Ero in fila in comune, c’erano due anziani davanti a me. Stavano aspettando da più di un’ora, roba semplice: un certificato e un duplicato della carta d’identità. Insomma, la normalità.

A un certo punto esce l’impiegata. Faccia scazzata, telefono in mano, già scocciata prima ancora di parlare. E parte subito male:

«Sono io in ritardo, ma abbiamo poco tempo. Se non facciamo in tempo vi devo mandare via, ho altri appuntamenti!»
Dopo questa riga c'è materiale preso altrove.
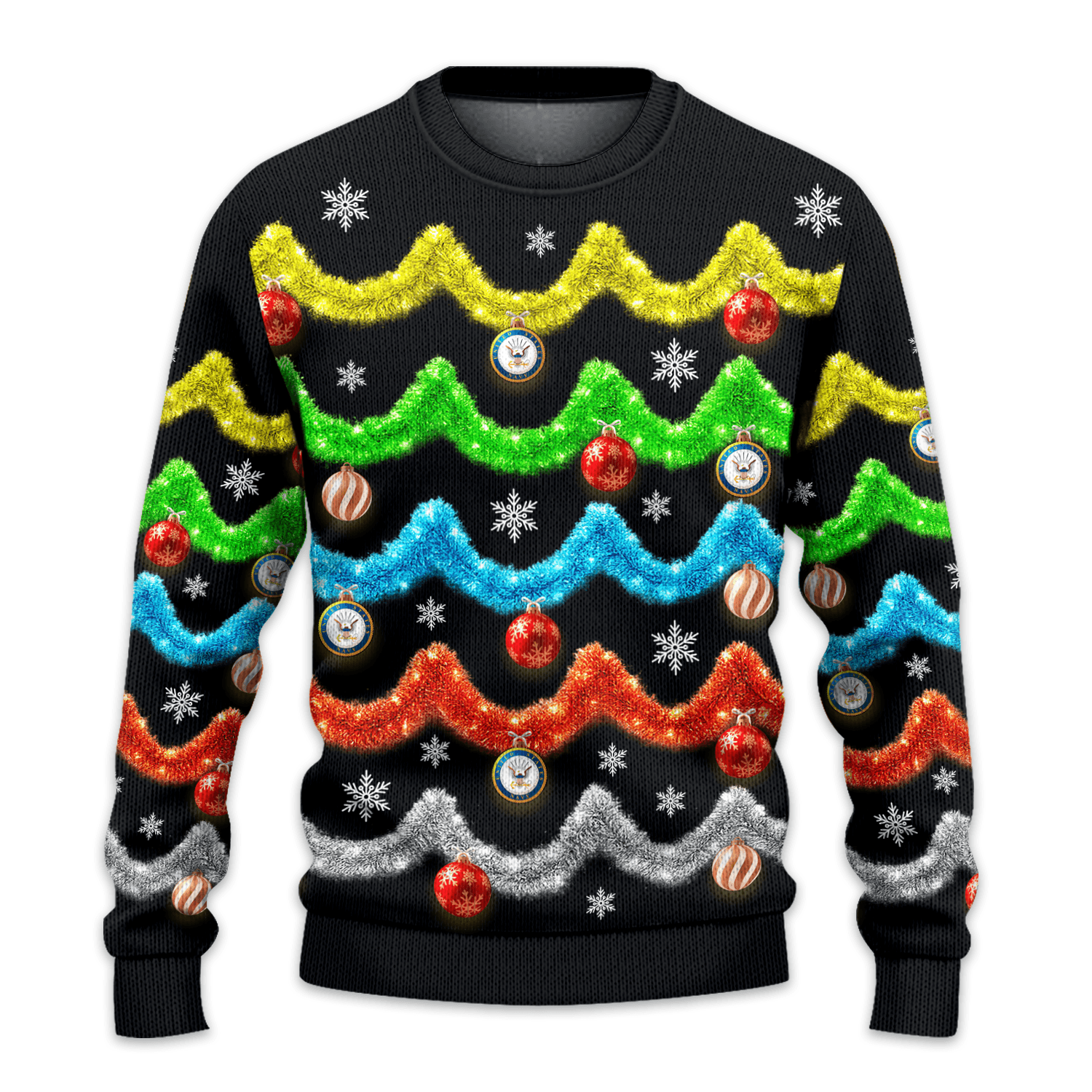 US NAVY Tinsel Garland Ugly Christmas All-over-print Sweater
Io e gli altri in fila ci guardiamo. Lei è in ritardo, ma la colpa è loro? Boh. Gli anziani, pacifici, provano a far notare che erano lì da un pezzo. Risultato? L’impiegata sbuffa, prende i documenti e sparisce dentro l’ufficio.
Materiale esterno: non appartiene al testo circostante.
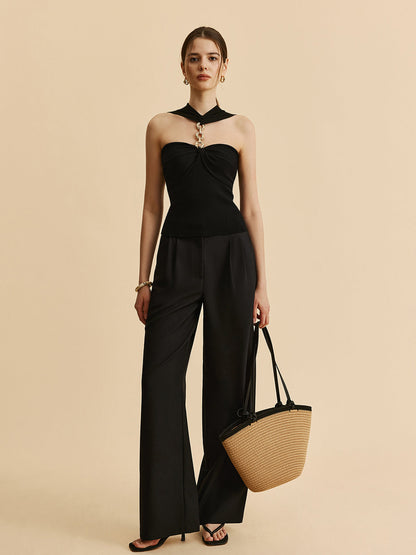 Sleeveless Chain Trim Fitted Knit Top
Dopo un po’ riappare con dei moduli incompleti e li butta sul bancone.

«Compilate questi, ma fate in fretta.»

I due si mettono a scrivere, lei nel frattempo tamburella le dita sullo sportello, guarda l’orologio, tutta impaziente. Poi, mentre si gira per rientrare, mormora tra sé e sé, ma abbastanza forte da farsi sentire:

«Sempre la solita storia… bisogna stare dietro a chi non è smart.»

E niente, lì non ci ho più visto.

«No, signora Rossetti» le dico. «Lei non può mandare via due persone perché è in ritardo. Ogni cittadino ha lo stesso valore. Non è che si diventa meno degni di essere serviti perché non si è “smart”.»

Lei mi fissa. Incrocia le braccia, cambia tono, più spavalda:

«E quindi? Io faccio quello che voglio. Tanto è la sua parola contro la mia, non ci sono prove.»